EXERCISE INSTRUCTIONS => Extract the stretch of lines that starts at the line with "and gold bars" and ends at the last line of the data below. Give it exactly, without pictures.

§

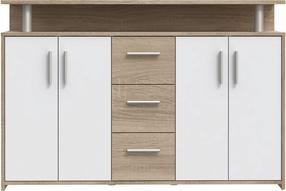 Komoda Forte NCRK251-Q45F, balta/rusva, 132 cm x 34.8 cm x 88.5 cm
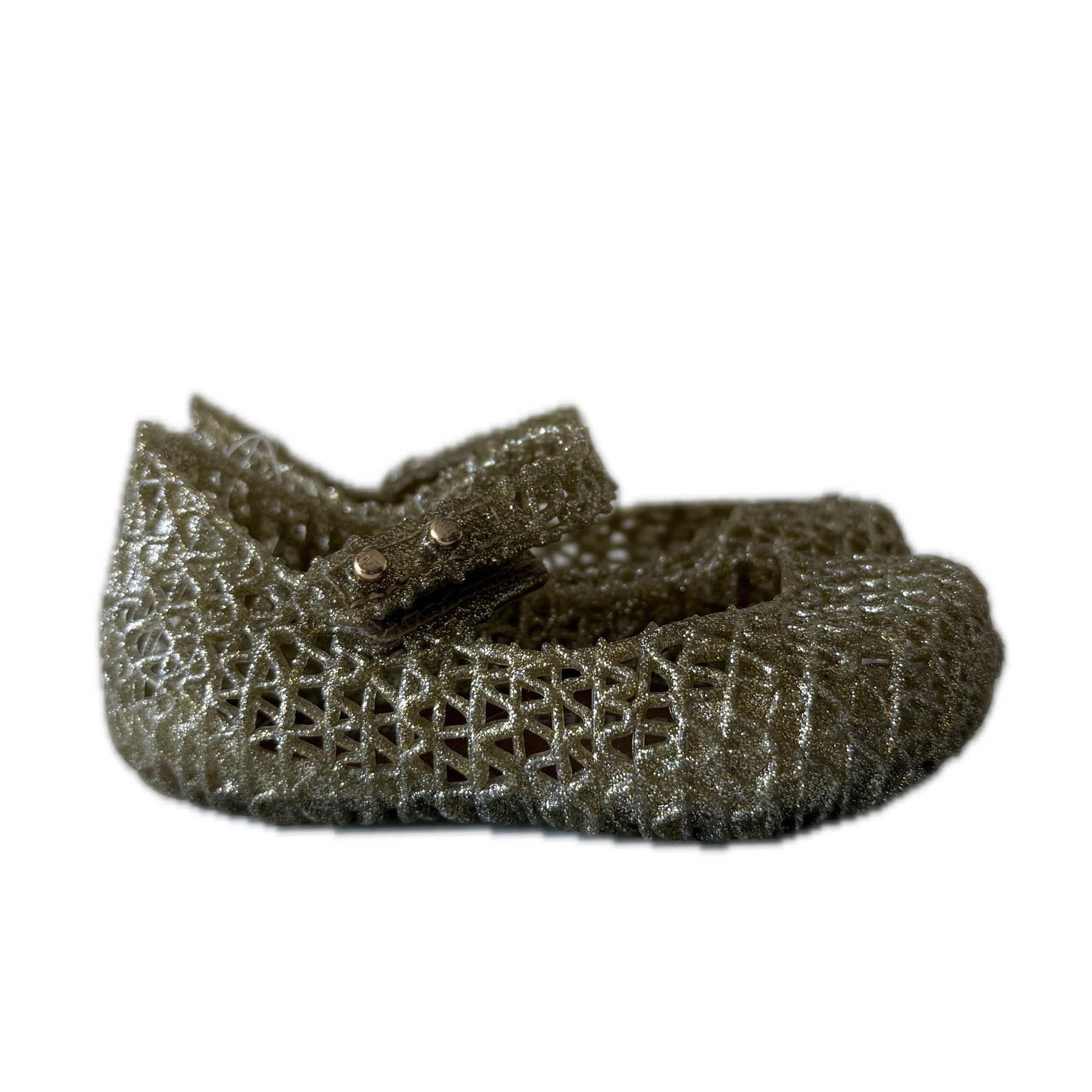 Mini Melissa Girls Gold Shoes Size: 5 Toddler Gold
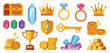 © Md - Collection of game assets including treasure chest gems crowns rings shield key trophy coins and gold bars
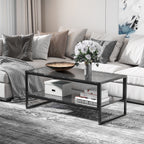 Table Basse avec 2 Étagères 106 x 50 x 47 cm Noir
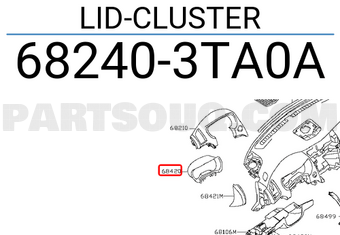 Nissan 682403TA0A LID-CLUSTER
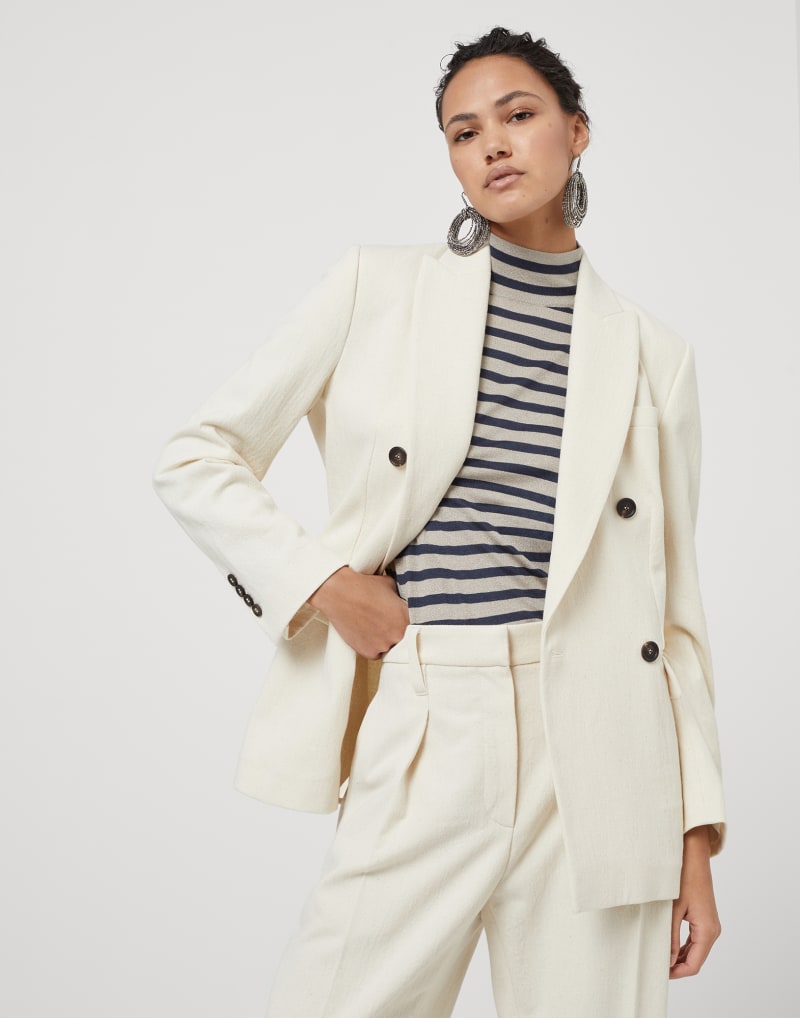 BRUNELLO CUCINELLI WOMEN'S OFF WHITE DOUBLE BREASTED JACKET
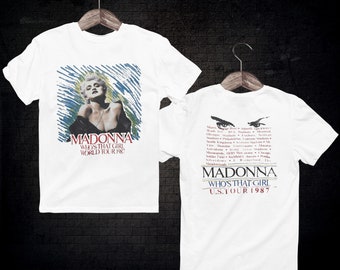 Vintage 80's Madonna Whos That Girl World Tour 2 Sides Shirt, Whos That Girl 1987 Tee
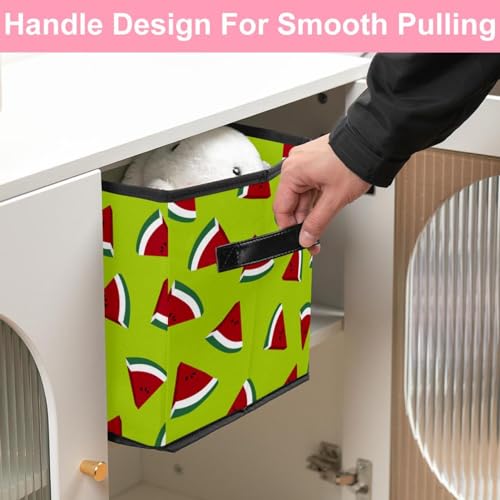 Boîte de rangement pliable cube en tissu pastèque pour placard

§

ANSWER TO THIS TASK =>
 © Md - Collection of game assets including treasure chest gems crowns rings shield key trophy coins and gold bars
 Table Basse avec 2 Étagères 106 x 50 x 47 cm Noir
 Nissan 682403TA0A LID-CLUSTER
 BRUNELLO CUCINELLI WOMEN'S OFF WHITE DOUBLE BREASTED JACKET
 Vintage 80's Madonna Whos That Girl World Tour 2 Sides Shirt, Whos That Girl 1987 Tee
 Boîte de rangement pliable cube en tissu pastèque pour placard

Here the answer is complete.